Comprendre les biais cognitifs, sans les lister bêtement. Partie 01 : la pression sociale
I-Une prédisposition humaine ancestrale
L’appartenance à un groupe a longtemps été une condition essentielle de survie humaine. L’innée volonté de nous conformer aux attentes sociales découle de notre passé évolutif.
Dans les sociétés primitives, l’exclusion sociale exposait les individus à des dangers tels que les prédateurs ou la famine. Cette survie dépendait de l’appartenance à un groupe, l’exclusion était synonyme de danger immédiat.

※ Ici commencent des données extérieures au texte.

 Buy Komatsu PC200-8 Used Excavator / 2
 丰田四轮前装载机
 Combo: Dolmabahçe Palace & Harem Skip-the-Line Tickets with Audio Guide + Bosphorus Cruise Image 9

Finalement aujourd’hui, rien n’a changé. Cette nécessité d’intégration sociale a forgé des mécanismes psychologiques profonds, qui perdurent dans notre société contemporaine.
Le rejet social demeure une source d’anxiété et persiste dans notre psyché. Il est perçu non seulement comme une exclusion, mais comme une atteinte à l’estime de soi. Cette peur peut conduire les individus à éviter les risques, à s’autocensurer ou à privilégier la conformité, même lorsque cela va à l’encontre de leurs intérêts.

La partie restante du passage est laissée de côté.